Gov. John Kasich signed a new Ohio law Wednesday that will bring numerous changes to five of the state’s public pension systems, costing workers millions of dollars but letting them keep defined-benefit plans.
Kasich said the members of the funds and retirees now can “have a real sense their funds are going to be solvent,” reported the Columbus Dispatch
The changes will increase employee contributions, require longer service, reduce cost-of-living adjustments, and compute new final average salaries — all to make sure the pension systems can meet a state requirement that unfunded liabilities be paid off within the next 30 years.
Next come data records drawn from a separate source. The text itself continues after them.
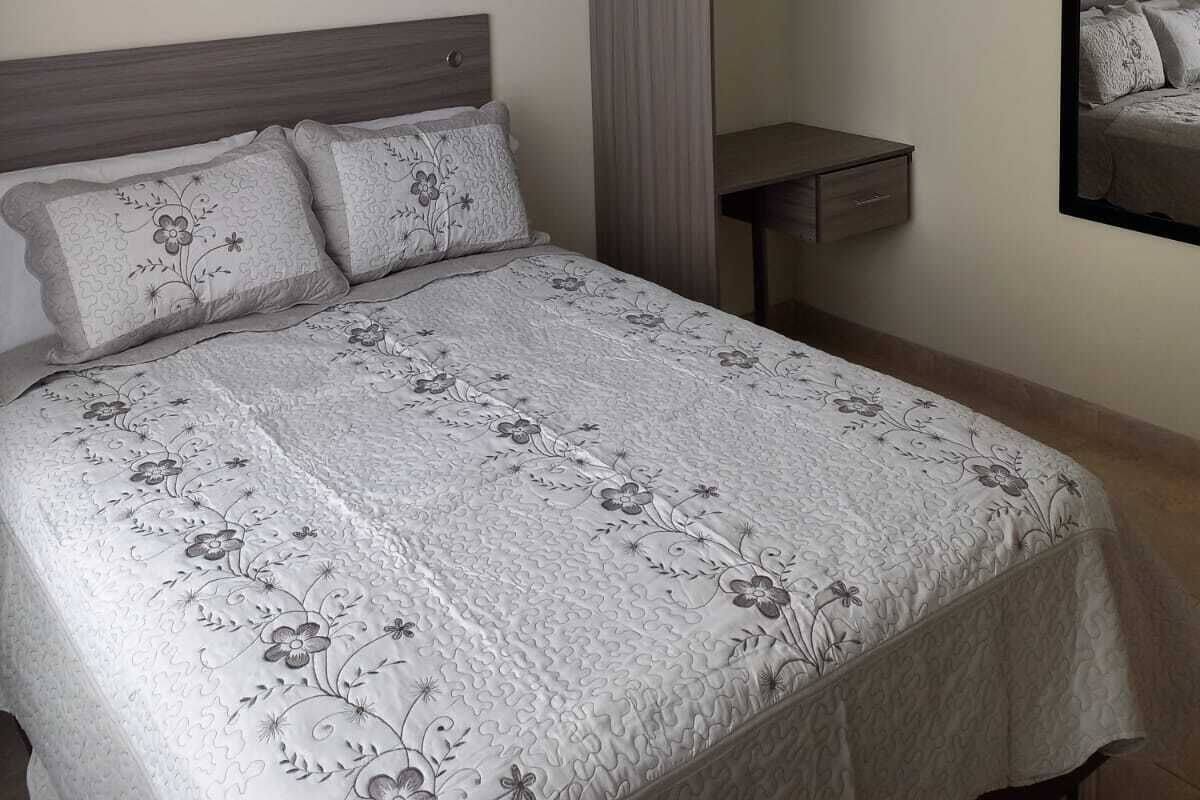 A bedroom with a bed, a dresser, a mirror, and a hanging closet.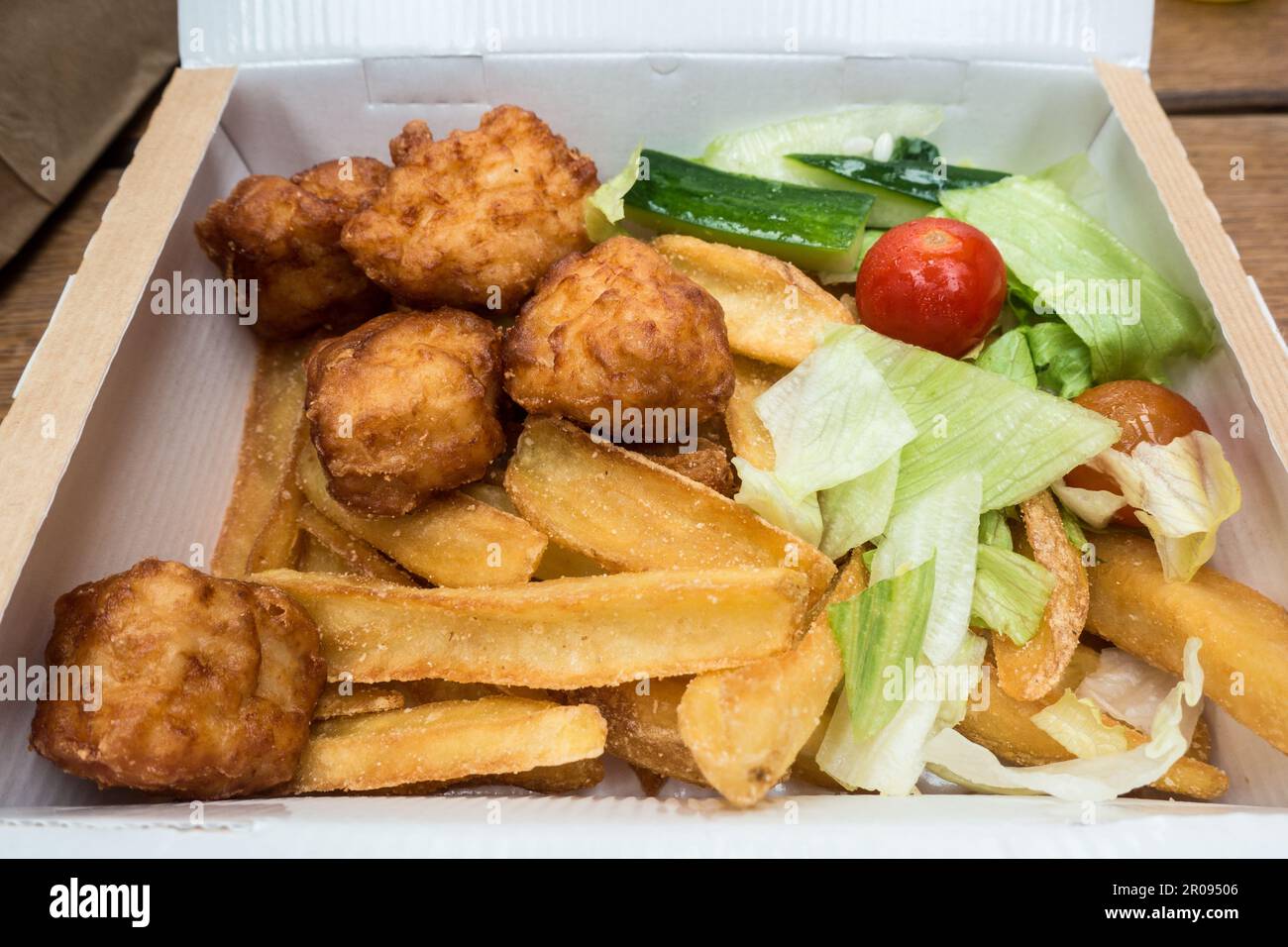 Chicken nuggets and chips with salad in a decomposable box Stock Photo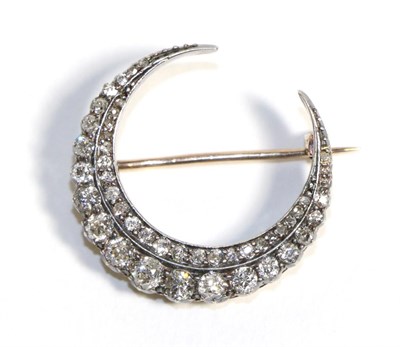 Lot 618 - A Diamond Crescent Brooch, two rows of graduated old cut diamonds, total estimated diamond...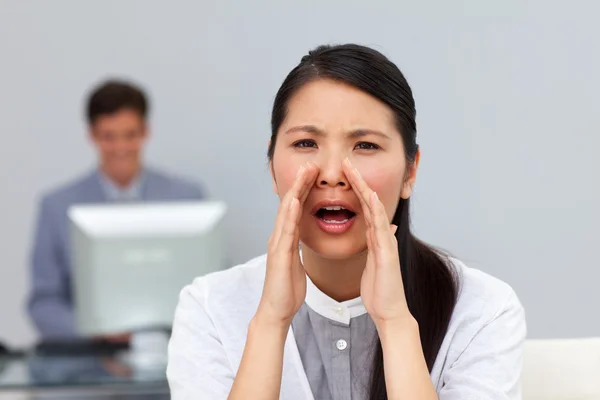 Angry businesswoman shouting in the office Stock Photo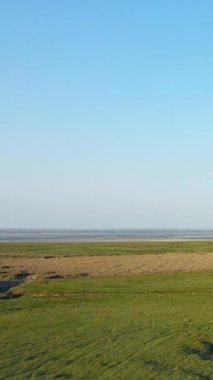 Fransa 'nın Le Mont-Saint-Michel yakınlarındaki açık mavi gökyüzünün altında çimenli tarlaların ve gelgit düzlüklerinin geniş bir görüntüsü. Doğal dokuları ve yumuşak ışığı olan sakin kırsal manzara..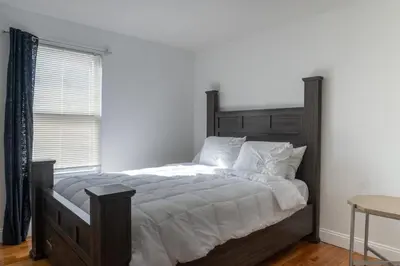a bedroom with a bed with white sheets and a window at Spacious 3BR Home Near Newark Airport in Newark
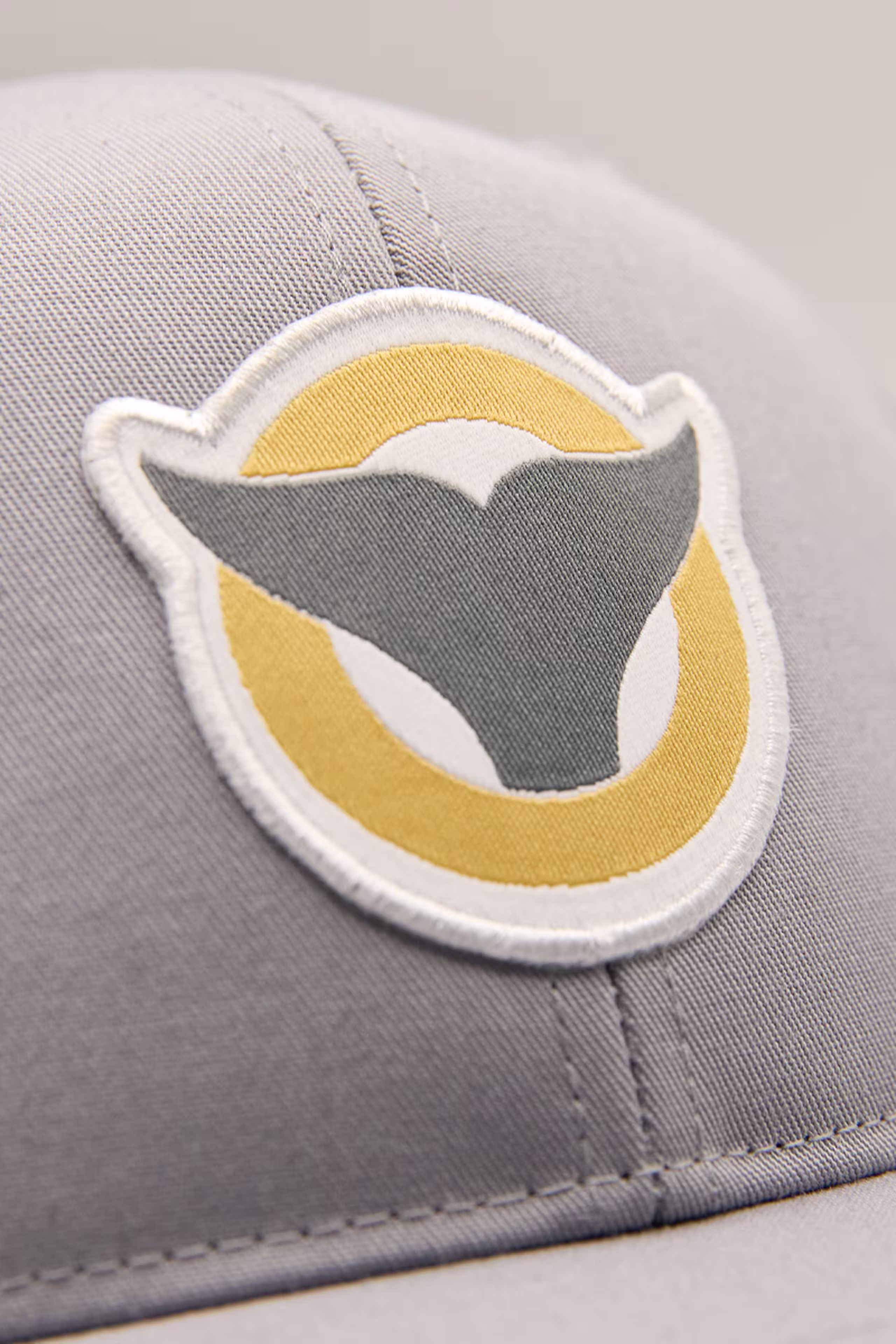close up of a dolphin fin and circle illustration as a woven patch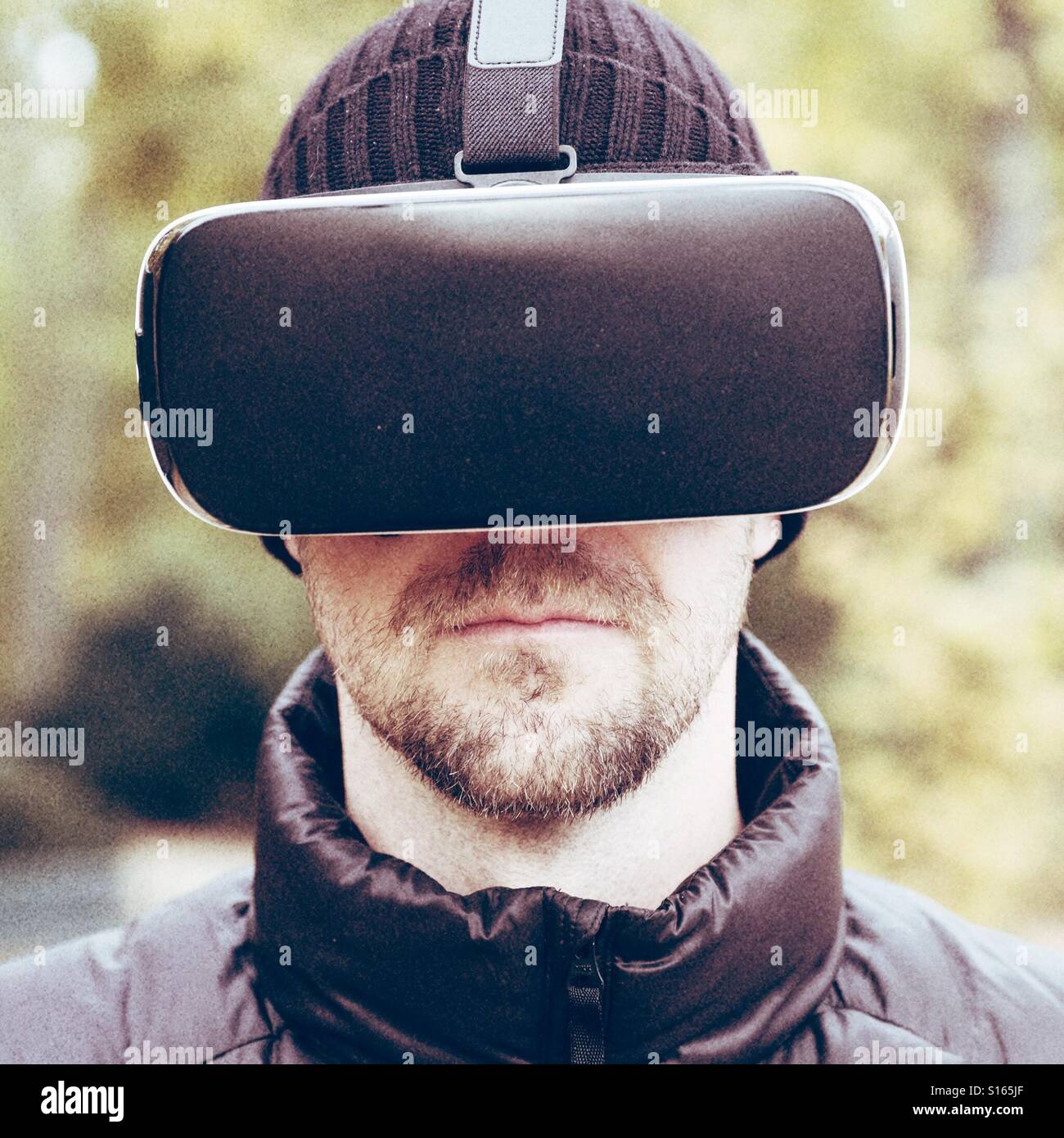 Man wearing VR virtual reality headset - Smartphone Captured Stock Image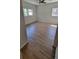 Bright bedroom featuring hardwood floors, natural light, and neutral walls at 1978 Fisher Trl, Atlanta, GA 30345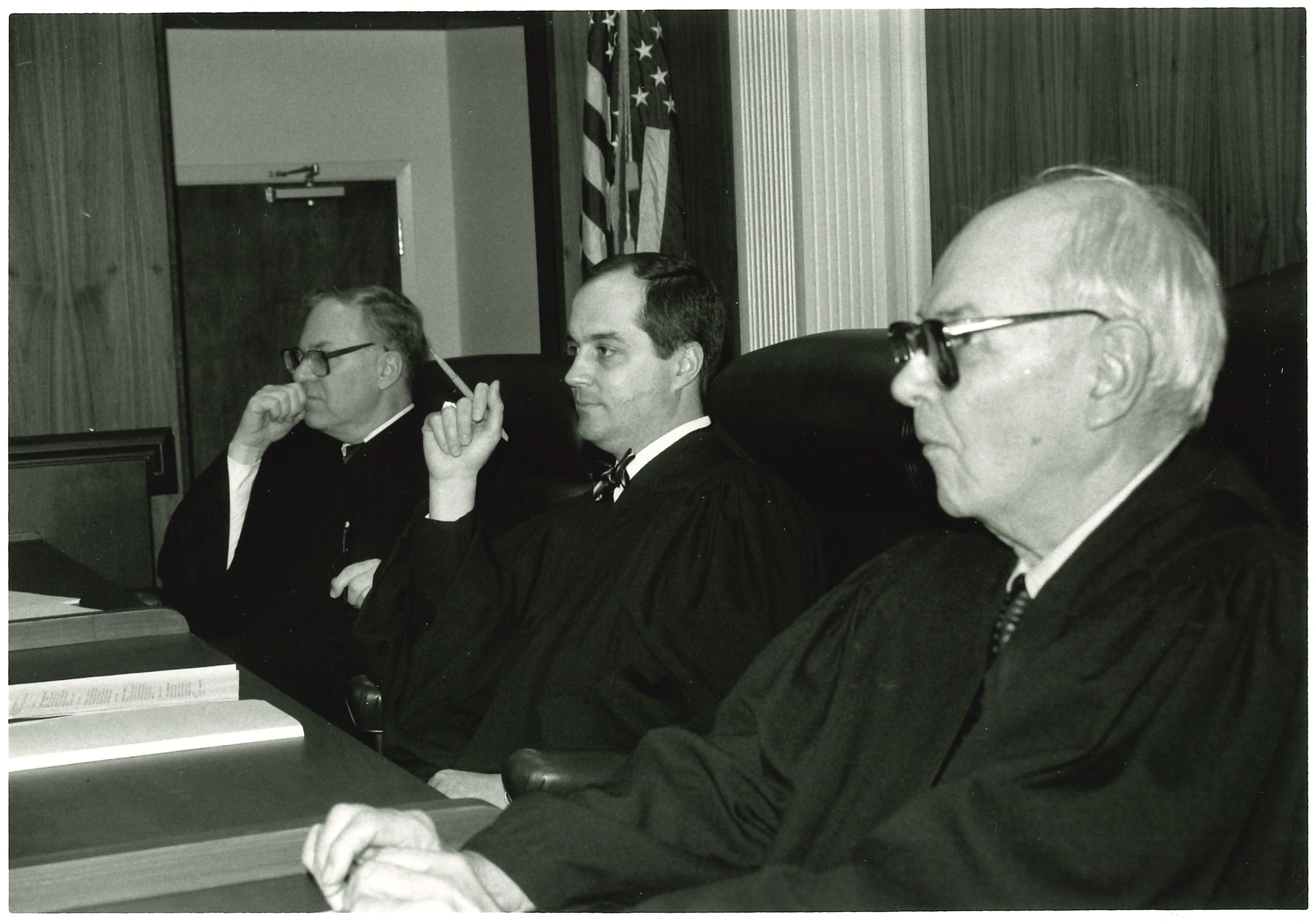 Judge Dyche on the bench listening to an argument. 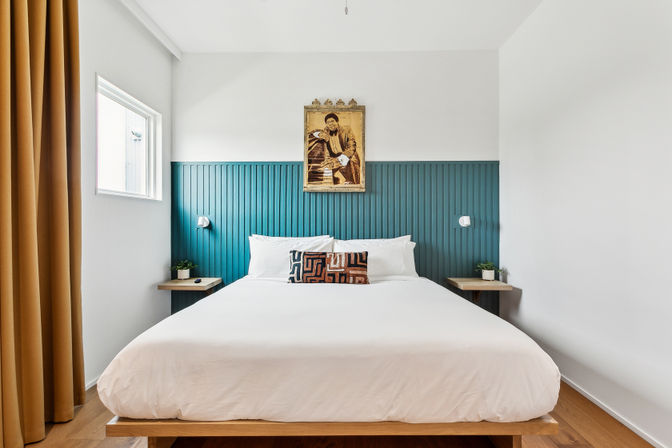 Bright modern bedroom with teal vertical-panel headboard, white platform king bed with geometric accent pillow, wood nightstands, mustard curtains, potted plants, and framed vintage portrait above the bed.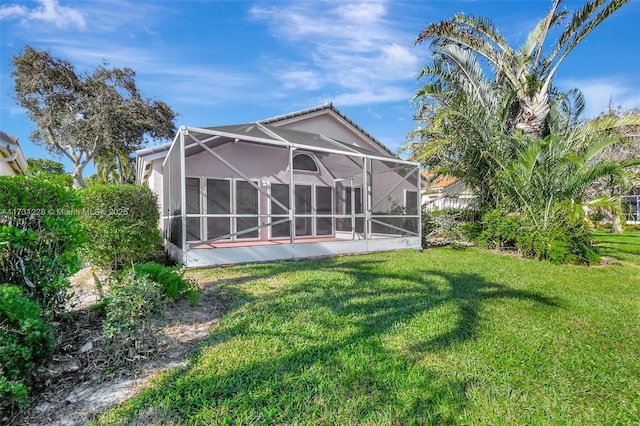 12915 Coral Lakes Dr, Boynton Beach, FL 33437 - back of house featuring a yard and a lanai
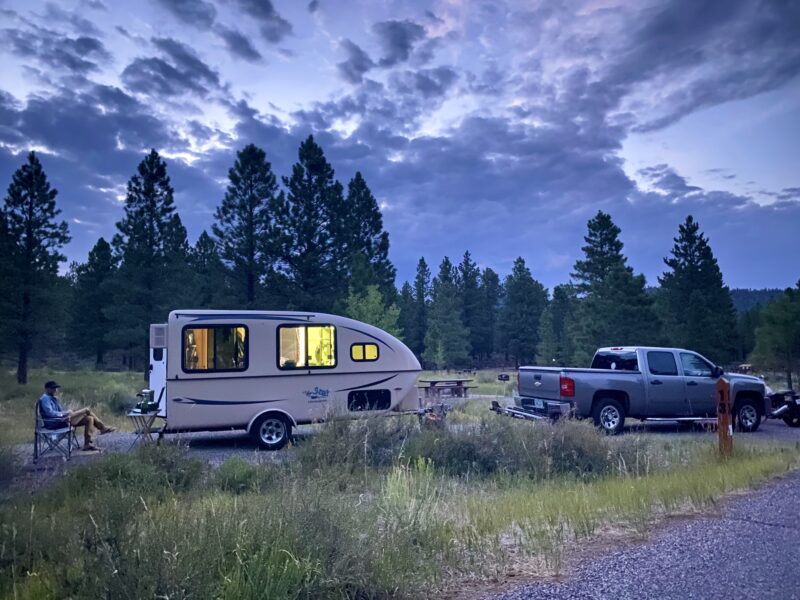 Small trailer parked at campsite in wooded area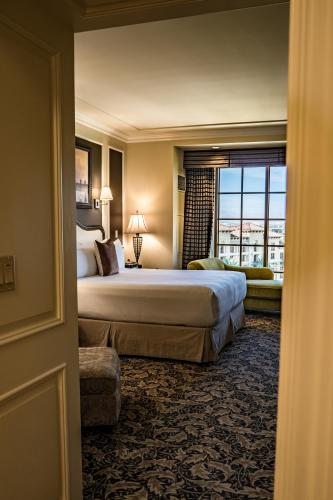 a hotel room with a large bed and a window at Green Valley Ranch Resort Spa Casino in Las Vegas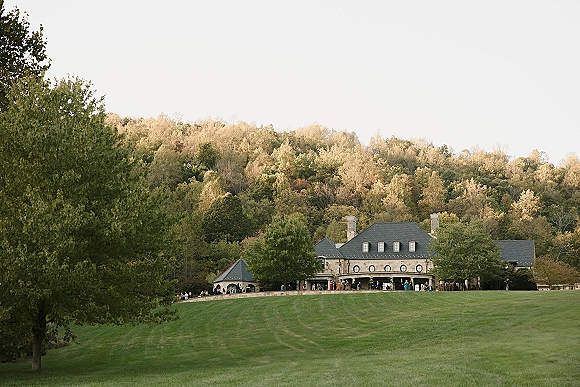Wedding venue exterior of a stone manor house with slate roof and chimneys, guests on the terrace overlooking rolling lawn and forested hills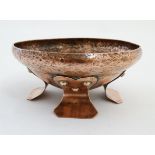 Decorative Metalware : A 19thC Arts and Crafts circular four footed bowl with hammered decoration
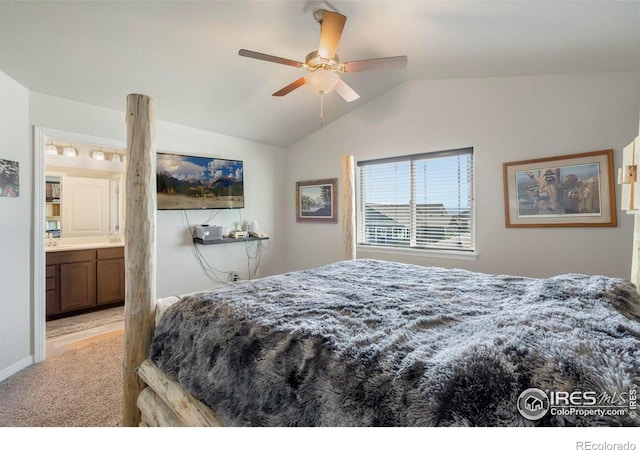 carpeted bedroom featuring connected bathroom, lofted ceiling, and ceiling fan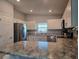 Modern kitchen with stainless steel appliances, ample countertop space, and white cabinets at 3003 58Th E Way, Palmetto, FL 34221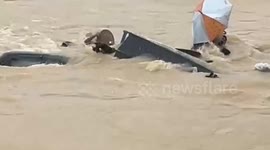 Residents scramble to save possessions in neck-deep Malaysia floods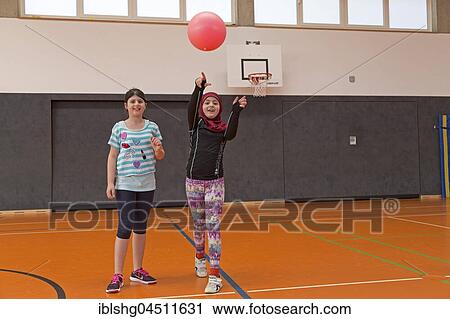 Stock Image - Students playing ball in the gym, physical education, primary school, Lower Saxony, Germany, Europe. Fotosearch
The state House and Senate passed the bills nearly unanimously earlier this month. They represent plans the various pension boards proposed up to three years ago.
The bills had bipartisan support, and were sponsored by Republican Senate President Tom Niehaus and Democrat Senate Minority Leader Eric Kearney, who stressed that the measures may not be popular but they’re necessary for the pension fund to move forward.
The Ohio Public Employees Retirement System, which is the state’s largest fund, has estimated it has lost $1 million every day the changes it proposed back in 2009 are not implemented.
“Our members and retirees really understand the changes, and they understand the reason for it, and they strongly believe the changes are necessary,” said OPERS Executive Director Karen Carraher.
The five new bills will go into effect on Jan. 7, and for all systems except for OPERS, the bills allow pension boards to make some future adjustment without needing to first get legislative approval. Carraher said OPERS will keep working to get its members in agreement on the idea.